# [Collected data]
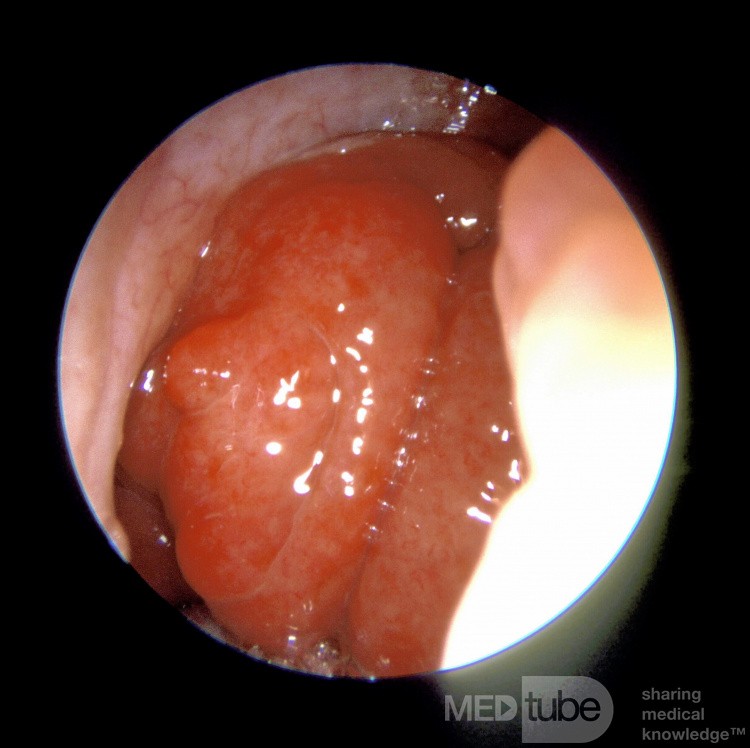 Enlarged Adenoids in an Adult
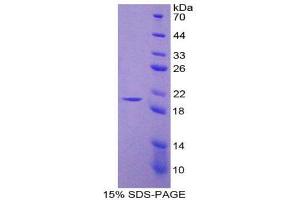 SDS-PAGE (SDS) image for Nitric Oxide Synthase 2, Inducible (NOS2) (AA 530-693) protein (His tag) (ABIN1980849)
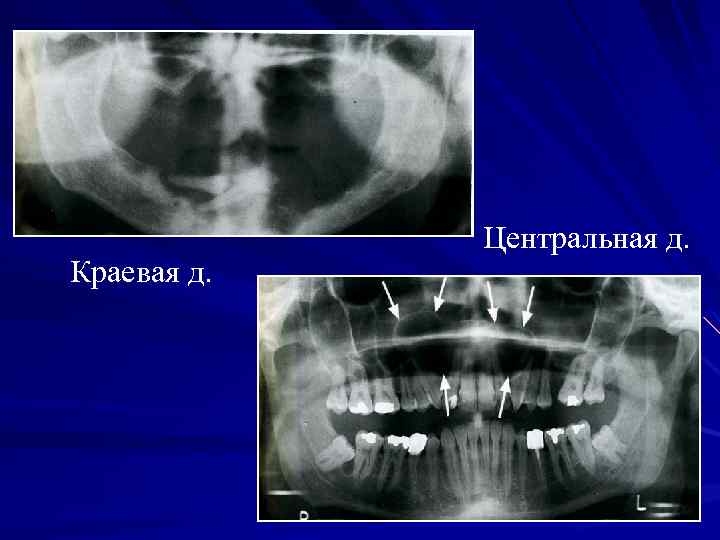 Краевая д. Центральная д.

# [The task]
Reproduce nothing but the lines from the line containing "SDS-PAGE (SDS) image" through the last line of the data above, exactly as written and without pictures.

# [Reply to the exercise]
 SDS-PAGE (SDS) image for Nitric Oxide Synthase 2, Inducible (NOS2) (AA 530-693) protein (His tag) (ABIN1980849)
 Краевая д. Центральная д.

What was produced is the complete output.